_About this exercise:_ Repeat, word for word and with nothing added, each line from the one containing "Appartement 12th Floor Diamond Tower - 72 *" to the final line of the data, keeping both ends. Pictures are not part of the copy.

_Collected data:_
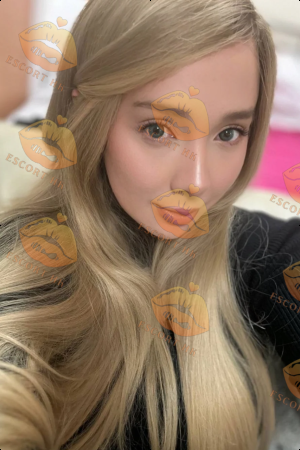 Tessa photo 1, european, curvy, blonde hair, 157 cm, 62 kg, Large bust, Hong Kong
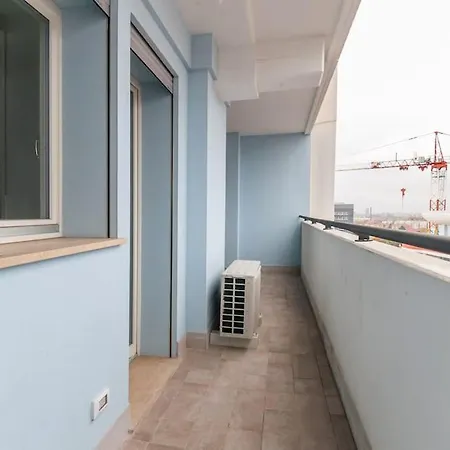 Appartement 12th Floor Diamond Tower - 72 *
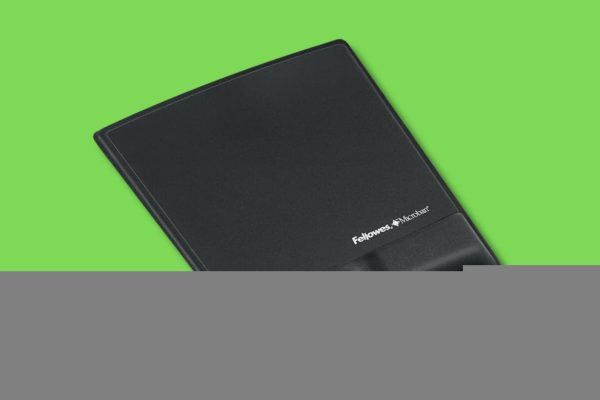 I migliori tappetini per mouse con poggiapolsi per la tua scrivania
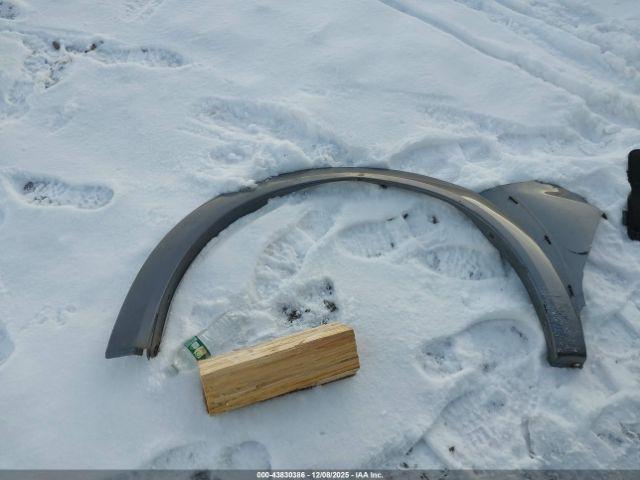 Nissan Armada Sv 4wd Image 2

_Response to this exercise:_
 Appartement 12th Floor Diamond Tower - 72 *
 I migliori tappetini per mouse con poggiapolsi per la tua scrivania
 Nissan Armada Sv 4wd Image 2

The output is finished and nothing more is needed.